An exact copy of every record is the expected answer.

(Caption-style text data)
○ ○ ○
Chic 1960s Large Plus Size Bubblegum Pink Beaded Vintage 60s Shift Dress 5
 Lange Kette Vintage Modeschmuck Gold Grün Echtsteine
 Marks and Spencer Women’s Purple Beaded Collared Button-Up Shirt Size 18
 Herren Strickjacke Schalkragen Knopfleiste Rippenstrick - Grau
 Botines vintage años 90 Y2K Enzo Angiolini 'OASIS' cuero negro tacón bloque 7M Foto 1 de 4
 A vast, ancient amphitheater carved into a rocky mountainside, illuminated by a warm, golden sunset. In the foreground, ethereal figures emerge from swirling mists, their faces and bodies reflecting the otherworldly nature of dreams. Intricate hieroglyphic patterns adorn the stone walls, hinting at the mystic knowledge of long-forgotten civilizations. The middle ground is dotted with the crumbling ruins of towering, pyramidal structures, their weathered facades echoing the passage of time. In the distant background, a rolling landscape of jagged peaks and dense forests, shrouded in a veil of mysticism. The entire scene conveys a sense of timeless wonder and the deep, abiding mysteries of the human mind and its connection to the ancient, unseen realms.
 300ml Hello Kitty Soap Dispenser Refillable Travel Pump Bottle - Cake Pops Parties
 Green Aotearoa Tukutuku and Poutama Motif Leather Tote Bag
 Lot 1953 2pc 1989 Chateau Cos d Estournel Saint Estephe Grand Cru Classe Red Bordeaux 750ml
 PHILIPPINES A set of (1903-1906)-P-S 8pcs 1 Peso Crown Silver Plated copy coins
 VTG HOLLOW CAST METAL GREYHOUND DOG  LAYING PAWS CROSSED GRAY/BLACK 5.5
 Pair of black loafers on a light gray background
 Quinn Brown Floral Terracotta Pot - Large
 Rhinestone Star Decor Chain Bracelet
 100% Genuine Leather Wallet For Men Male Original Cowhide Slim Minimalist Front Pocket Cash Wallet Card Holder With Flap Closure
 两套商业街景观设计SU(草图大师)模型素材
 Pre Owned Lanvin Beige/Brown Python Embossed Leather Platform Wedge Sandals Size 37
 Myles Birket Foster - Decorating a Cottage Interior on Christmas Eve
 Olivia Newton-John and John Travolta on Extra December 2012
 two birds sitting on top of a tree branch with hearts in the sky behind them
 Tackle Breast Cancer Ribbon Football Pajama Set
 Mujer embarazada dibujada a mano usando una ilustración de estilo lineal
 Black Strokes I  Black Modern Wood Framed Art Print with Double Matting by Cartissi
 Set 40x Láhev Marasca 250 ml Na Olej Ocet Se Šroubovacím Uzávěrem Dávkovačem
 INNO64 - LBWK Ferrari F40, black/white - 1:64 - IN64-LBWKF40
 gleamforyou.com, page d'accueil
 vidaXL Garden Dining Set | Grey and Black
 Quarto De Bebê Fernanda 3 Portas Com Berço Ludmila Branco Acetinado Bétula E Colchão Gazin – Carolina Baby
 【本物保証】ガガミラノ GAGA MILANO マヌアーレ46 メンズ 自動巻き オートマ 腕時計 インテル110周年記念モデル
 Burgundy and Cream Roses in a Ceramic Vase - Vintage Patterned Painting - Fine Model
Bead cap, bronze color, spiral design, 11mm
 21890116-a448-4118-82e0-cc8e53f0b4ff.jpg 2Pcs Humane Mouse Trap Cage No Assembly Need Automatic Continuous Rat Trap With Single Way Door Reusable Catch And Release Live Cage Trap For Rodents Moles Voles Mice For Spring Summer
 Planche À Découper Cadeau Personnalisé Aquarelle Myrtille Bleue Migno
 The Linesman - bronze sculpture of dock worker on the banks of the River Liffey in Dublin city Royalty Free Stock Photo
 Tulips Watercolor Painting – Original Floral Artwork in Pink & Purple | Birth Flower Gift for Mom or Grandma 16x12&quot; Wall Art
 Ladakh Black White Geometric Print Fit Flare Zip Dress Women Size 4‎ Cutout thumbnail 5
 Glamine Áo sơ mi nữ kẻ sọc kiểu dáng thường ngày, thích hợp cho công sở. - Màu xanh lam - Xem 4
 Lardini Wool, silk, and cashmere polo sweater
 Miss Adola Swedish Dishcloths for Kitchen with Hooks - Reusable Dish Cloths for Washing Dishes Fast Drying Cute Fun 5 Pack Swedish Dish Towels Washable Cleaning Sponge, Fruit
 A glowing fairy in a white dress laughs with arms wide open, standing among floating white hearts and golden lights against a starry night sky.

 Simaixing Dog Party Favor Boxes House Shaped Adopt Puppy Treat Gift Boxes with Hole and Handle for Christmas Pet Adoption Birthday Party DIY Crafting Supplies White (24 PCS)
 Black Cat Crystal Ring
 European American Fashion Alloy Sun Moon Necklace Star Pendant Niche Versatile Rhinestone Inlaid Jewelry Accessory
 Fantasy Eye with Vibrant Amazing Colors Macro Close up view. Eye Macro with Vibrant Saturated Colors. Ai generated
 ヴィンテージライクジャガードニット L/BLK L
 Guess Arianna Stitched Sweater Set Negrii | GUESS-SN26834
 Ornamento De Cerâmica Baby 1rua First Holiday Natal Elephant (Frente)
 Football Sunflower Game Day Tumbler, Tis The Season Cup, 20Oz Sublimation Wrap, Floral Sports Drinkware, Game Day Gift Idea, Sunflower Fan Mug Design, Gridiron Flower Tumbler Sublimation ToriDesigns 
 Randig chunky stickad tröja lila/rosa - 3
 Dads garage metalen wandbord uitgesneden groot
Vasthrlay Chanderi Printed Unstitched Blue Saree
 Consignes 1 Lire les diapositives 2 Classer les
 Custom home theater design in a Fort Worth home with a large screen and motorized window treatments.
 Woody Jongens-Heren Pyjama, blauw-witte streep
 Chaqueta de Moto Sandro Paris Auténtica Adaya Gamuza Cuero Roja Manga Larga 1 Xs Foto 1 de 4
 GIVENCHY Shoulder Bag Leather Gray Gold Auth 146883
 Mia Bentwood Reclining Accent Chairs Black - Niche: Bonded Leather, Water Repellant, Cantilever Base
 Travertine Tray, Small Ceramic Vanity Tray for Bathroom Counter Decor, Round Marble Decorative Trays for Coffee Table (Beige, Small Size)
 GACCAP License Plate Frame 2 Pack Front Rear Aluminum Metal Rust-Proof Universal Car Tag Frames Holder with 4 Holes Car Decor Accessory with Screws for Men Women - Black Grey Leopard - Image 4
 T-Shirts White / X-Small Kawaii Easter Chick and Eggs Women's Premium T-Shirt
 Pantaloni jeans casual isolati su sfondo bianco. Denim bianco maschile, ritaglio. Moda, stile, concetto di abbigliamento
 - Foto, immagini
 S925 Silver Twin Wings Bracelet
○ ○ ○
#### Problem solution:
Chic 1960s Large Plus Size Bubblegum Pink Beaded Vintage 60s Shift Dress 5
 Lange Kette Vintage Modeschmuck Gold Grün Echtsteine
 Marks and Spencer Women’s Purple Beaded Collared Button-Up Shirt Size 18
 Herren Strickjacke Schalkragen Knopfleiste Rippenstrick - Grau
 Botines vintage años 90 Y2K Enzo Angiolini 'OASIS' cuero negro tacón bloque 7M Foto 1 de 4
 A vast, ancient amphitheater carved into a rocky mountainside, illuminated by a warm, golden sunset. In the foreground, ethereal figures emerge from swirling mists, their faces and bodies reflecting the otherworldly nature of dreams. Intricate hieroglyphic patterns adorn the stone walls, hinting at the mystic knowledge of long-forgotten civilizations. The middle ground is dotted with the crumbling ruins of towering, pyramidal structures, their weathered facades echoing the passage of time. In the distant background, a rolling landscape of jagged peaks and dense forests, shrouded in a veil of mysticism. The entire scene conveys a sense of timeless wonder and the deep, abiding mysteries of the human mind and its connection to the ancient, unseen realms.
 300ml Hello Kitty Soap Dispenser Refillable Travel Pump Bottle - Cake Pops Parties
 Green Aotearoa Tukutuku and Poutama Motif Leather Tote Bag
 Lot 1953 2pc 1989 Chateau Cos d Estournel Saint Estephe Grand Cru Classe Red Bordeaux 750ml
 PHILIPPINES A set of (1903-1906)-P-S 8pcs 1 Peso Crown Silver Plated copy coins
 VTG HOLLOW CAST METAL GREYHOUND DOG  LAYING PAWS CROSSED GRAY/BLACK 5.5
 Pair of black loafers on a light gray background
 Quinn Brown Floral Terracotta Pot - Large
 Rhinestone Star Decor Chain Bracelet
 100% Genuine Leather Wallet For Men Male Original Cowhide Slim Minimalist Front Pocket Cash Wallet Card Holder With Flap Closure
 两套商业街景观设计SU(草图大师)模型素材
 Pre Owned Lanvin Beige/Brown Python Embossed Leather Platform Wedge Sandals Size 37
 Myles Birket Foster - Decorating a Cottage Interior on Christmas Eve
 Olivia Newton-John and John Travolta on Extra December 2012
 two birds sitting on top of a tree branch with hearts in the sky behind them
 Tackle Breast Cancer Ribbon Football Pajama Set
 Mujer embarazada dibujada a mano usando una ilustración de estilo lineal
 Black Strokes I  Black Modern Wood Framed Art Print with Double Matting by Cartissi
 Set 40x Láhev Marasca 250 ml Na Olej Ocet Se Šroubovacím Uzávěrem Dávkovačem
 INNO64 - LBWK Ferrari F40, black/white - 1:64 - IN64-LBWKF40
 gleamforyou.com, page d'accueil
 vidaXL Garden Dining Set | Grey and Black
 Quarto De Bebê Fernanda 3 Portas Com Berço Ludmila Branco Acetinado Bétula E Colchão Gazin – Carolina Baby
 【本物保証】ガガミラノ GAGA MILANO マヌアーレ46 メンズ 自動巻き オートマ 腕時計 インテル110周年記念モデル
 Burgundy and Cream Roses in a Ceramic Vase - Vintage Patterned Painting - Fine Model
Bead cap, bronze color, spiral design, 11mm
 21890116-a448-4118-82e0-cc8e53f0b4ff.jpg 2Pcs Humane Mouse Trap Cage No Assembly Need Automatic Continuous Rat Trap With Single Way Door Reusable Catch And Release Live Cage Trap For Rodents Moles Voles Mice For Spring Summer
 Planche À Découper Cadeau Personnalisé Aquarelle Myrtille Bleue Migno
 The Linesman - bronze sculpture of dock worker on the banks of the River Liffey in Dublin city Royalty Free Stock Photo
 Tulips Watercolor Painting – Original Floral Artwork in Pink & Purple | Birth Flower Gift for Mom or Grandma 16x12&quot; Wall Art
 Ladakh Black White Geometric Print Fit Flare Zip Dress Women Size 4‎ Cutout thumbnail 5
 Glamine Áo sơ mi nữ kẻ sọc kiểu dáng thường ngày, thích hợp cho công sở. - Màu xanh lam - Xem 4
 Lardini Wool, silk, and cashmere polo sweater
 Miss Adola Swedish Dishcloths for Kitchen with Hooks - Reusable Dish Cloths for Washing Dishes Fast Drying Cute Fun 5 Pack Swedish Dish Towels Washable Cleaning Sponge, Fruit
 A glowing fairy in a white dress laughs with arms wide open, standing among floating white hearts and golden lights against a starry night sky.

 Simaixing Dog Party Favor Boxes House Shaped Adopt Puppy Treat Gift Boxes with Hole and Handle for Christmas Pet Adoption Birthday Party DIY Crafting Supplies White (24 PCS)
 Black Cat Crystal Ring
 European American Fashion Alloy Sun Moon Necklace Star Pendant Niche Versatile Rhinestone Inlaid Jewelry Accessory
 Fantasy Eye with Vibrant Amazing Colors Macro Close up view. Eye Macro with Vibrant Saturated Colors. Ai generated
 ヴィンテージライクジャガードニット L/BLK L
 Guess Arianna Stitched Sweater Set Negrii | GUESS-SN26834
 Ornamento De Cerâmica Baby 1rua First Holiday Natal Elephant (Frente)
 Football Sunflower Game Day Tumbler, Tis The Season Cup, 20Oz Sublimation Wrap, Floral Sports Drinkware, Game Day Gift Idea, Sunflower Fan Mug Design, Gridiron Flower Tumbler Sublimation ToriDesigns 
 Randig chunky stickad tröja lila/rosa - 3
 Dads garage metalen wandbord uitgesneden groot
Vasthrlay Chanderi Printed Unstitched Blue Saree
 Consignes 1 Lire les diapositives 2 Classer les
 Custom home theater design in a Fort Worth home with a large screen and motorized window treatments.
 Woody Jongens-Heren Pyjama, blauw-witte streep
 Chaqueta de Moto Sandro Paris Auténtica Adaya Gamuza Cuero Roja Manga Larga 1 Xs Foto 1 de 4
 GIVENCHY Shoulder Bag Leather Gray Gold Auth 146883
 Mia Bentwood Reclining Accent Chairs Black - Niche: Bonded Leather, Water Repellant, Cantilever Base
 Travertine Tray, Small Ceramic Vanity Tray for Bathroom Counter Decor, Round Marble Decorative Trays for Coffee Table (Beige, Small Size)
 GACCAP License Plate Frame 2 Pack Front Rear Aluminum Metal Rust-Proof Universal Car Tag Frames Holder with 4 Holes Car Decor Accessory with Screws for Men Women - Black Grey Leopard - Image 4
 T-Shirts White / X-Small Kawaii Easter Chick and Eggs Women's Premium T-Shirt
 Pantaloni jeans casual isolati su sfondo bianco. Denim bianco maschile, ritaglio. Moda, stile, concetto di abbigliamento
 - Foto, immagini
 S925 Silver Twin Wings Bracelet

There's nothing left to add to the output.